**What you should do**
For the listing below, output exactly the lines from the line with "Alternative view of" up to and including the line with "Woman practising a career in makeup artistry", and no other lines.

**Records for this task**

* * *

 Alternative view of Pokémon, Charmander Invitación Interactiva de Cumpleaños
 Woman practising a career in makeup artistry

* * *

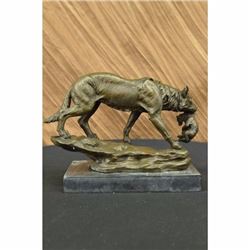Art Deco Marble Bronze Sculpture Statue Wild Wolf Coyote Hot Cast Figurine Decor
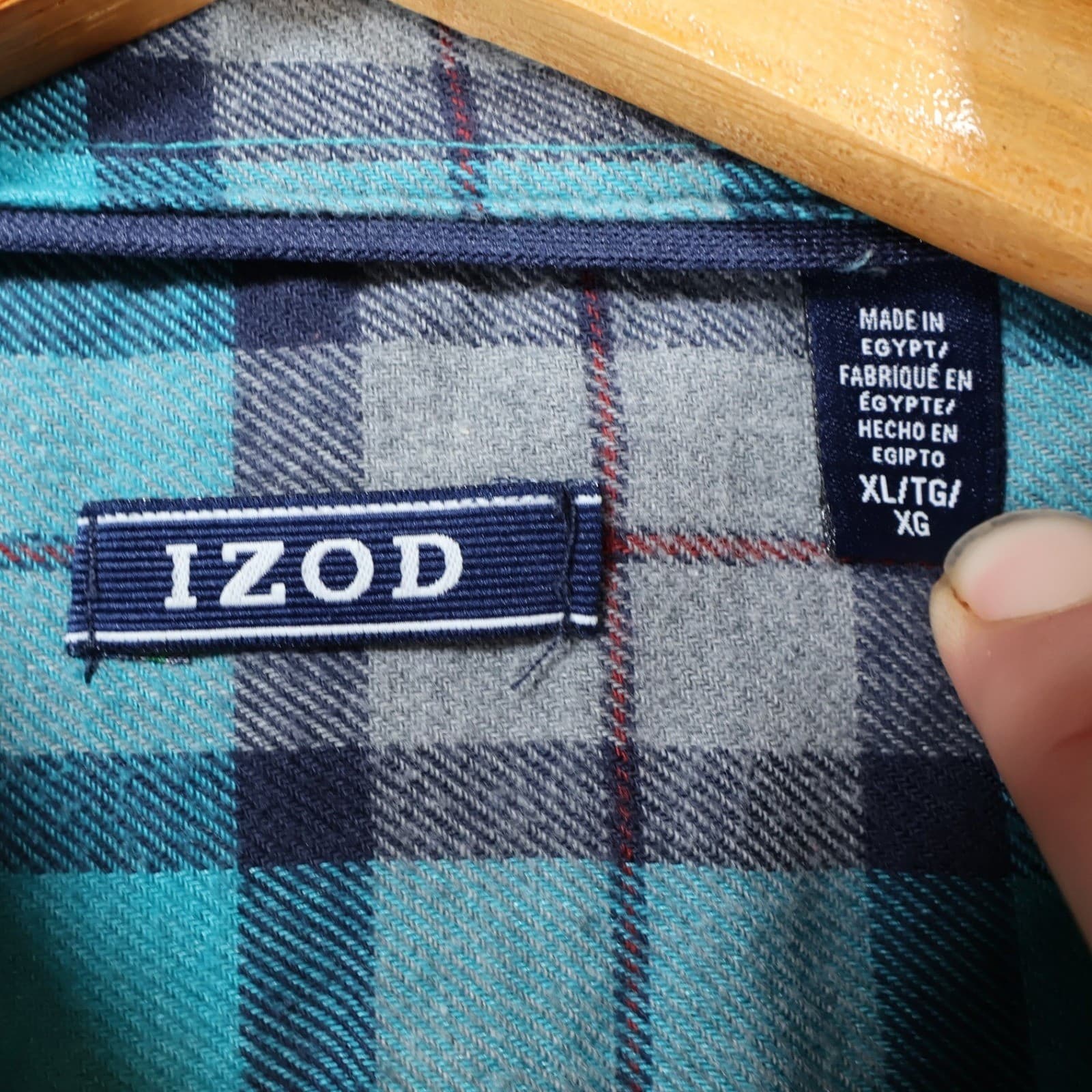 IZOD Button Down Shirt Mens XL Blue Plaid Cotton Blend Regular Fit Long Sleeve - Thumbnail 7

* * *

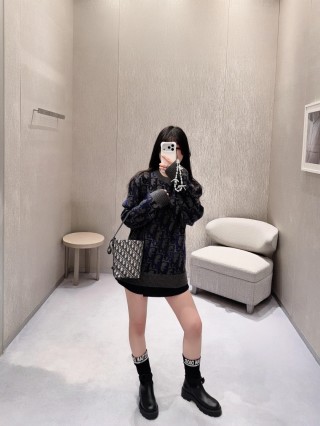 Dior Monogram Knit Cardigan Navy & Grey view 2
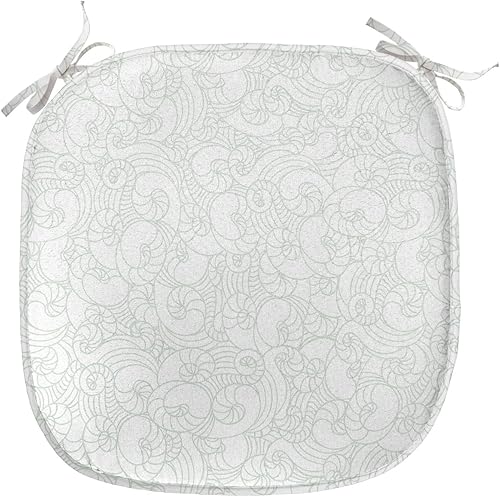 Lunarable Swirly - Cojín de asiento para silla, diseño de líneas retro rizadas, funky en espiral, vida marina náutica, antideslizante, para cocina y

* * *

**Answer to this problem**
 Alternative view of Pokémon, Charmander Invitación Interactiva de Cumpleaños
 Woman practising a career in makeup artistry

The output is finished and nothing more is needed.